Subject Re: [firebird-support] Scalability principles: Can someone confirm or correct ...
Author David Johnson
On Tue, 2005-02-08 at 20:57, Dalton Calford wrote:
>
>
> Hi David,
>
snip ...

> So, hardware, I have to deal with it day in and day out. But, I have
> always thrown our developers at the oldest, slowest and most pitiful
> equipment I can find. I just had a party, we retired our test box #6, a
> 486dx66 - running linux and interbase 4.0g.

I agree with initial low-level application performance testing on slow
boxes. For most applications, if it performs adequately on older slower
hardware, it should be good for a few years on modern of future
hardware. It is also much easier to see performance improvements on
slow hardware.

However, high level tuning is a different issue. A well designed
application is tunable to maximize its use of the hardware facilities
when performance is really critical. A better designed application is
self tuning - but that is much harder to implement. Firebird seems to
implement a little of both approaches - configuration for coarse tuning,
then internal instrumentation for fine tuning.

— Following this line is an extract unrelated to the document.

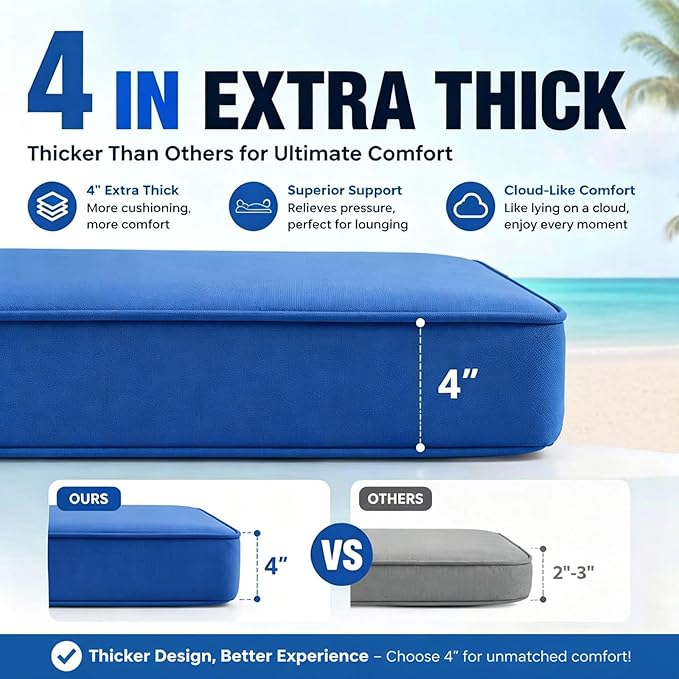Chaise Lounge Cushion for Outdoor Furniture, Waterproof, Fade-Resistant and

I have one process right now that, when tuned to optimally use my
desktop PC, it is using less than 25% of the capacity of a server class
machine. When tuned to optimally use the server class machine, it bogs
down on my desktop. The tuning is all in a configuration file, so the
solution is obvious, but the lesson here is the same as you pointed out
about my original question - you can't generalize.

>
> Our list of design specifications is called the bible, and the number of
> fights that have been started over a developer trying to cut time by
> skipping a few steps, just to loose their bonus, and possibly thier jobs.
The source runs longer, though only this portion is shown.